**GOAL OF THE EXERCISE:** Return only the lines of the listing below that run from the line with "Women Ecru Straight Fit Trousers" through the line with "Villa St Martin-Reef", both ends included, exactly as written.

**EXCERPTED RECORDS:**

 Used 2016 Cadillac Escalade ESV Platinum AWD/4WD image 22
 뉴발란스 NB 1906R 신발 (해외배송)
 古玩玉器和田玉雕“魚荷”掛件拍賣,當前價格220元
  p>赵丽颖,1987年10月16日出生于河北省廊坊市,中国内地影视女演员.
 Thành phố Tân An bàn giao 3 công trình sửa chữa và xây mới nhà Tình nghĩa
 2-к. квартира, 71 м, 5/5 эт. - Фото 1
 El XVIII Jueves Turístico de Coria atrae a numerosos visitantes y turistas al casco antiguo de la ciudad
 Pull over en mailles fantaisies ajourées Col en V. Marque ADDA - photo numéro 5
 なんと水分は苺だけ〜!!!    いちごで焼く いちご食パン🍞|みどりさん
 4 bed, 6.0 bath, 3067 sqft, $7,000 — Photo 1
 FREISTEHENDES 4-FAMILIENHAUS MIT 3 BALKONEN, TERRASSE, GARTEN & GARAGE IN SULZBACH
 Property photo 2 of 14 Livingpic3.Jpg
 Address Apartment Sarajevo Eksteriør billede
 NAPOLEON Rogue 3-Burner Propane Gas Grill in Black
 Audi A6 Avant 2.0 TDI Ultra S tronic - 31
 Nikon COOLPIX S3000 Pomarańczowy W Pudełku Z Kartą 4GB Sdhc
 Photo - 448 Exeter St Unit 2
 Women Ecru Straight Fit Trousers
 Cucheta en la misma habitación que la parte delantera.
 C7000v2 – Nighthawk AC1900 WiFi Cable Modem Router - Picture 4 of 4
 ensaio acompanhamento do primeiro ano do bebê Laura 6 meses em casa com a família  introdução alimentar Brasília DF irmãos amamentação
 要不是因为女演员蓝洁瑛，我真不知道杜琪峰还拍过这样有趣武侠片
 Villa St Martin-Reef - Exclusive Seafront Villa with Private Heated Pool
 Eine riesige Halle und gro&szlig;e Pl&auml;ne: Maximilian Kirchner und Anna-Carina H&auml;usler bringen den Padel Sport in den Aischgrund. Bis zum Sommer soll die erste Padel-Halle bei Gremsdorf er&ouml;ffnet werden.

**RESPONSE AREA:**
 Women Ecru Straight Fit Trousers
 Cucheta en la misma habitación que la parte delantera.
 C7000v2 – Nighthawk AC1900 WiFi Cable Modem Router - Picture 4 of 4
 ensaio acompanhamento do primeiro ano do bebê Laura 6 meses em casa com a família  introdução alimentar Brasília DF irmãos amamentação
 要不是因为女演员蓝洁瑛，我真不知道杜琪峰还拍过这样有趣武侠片
 Villa St Martin-Reef - Exclusive Seafront Villa with Private Heated Pool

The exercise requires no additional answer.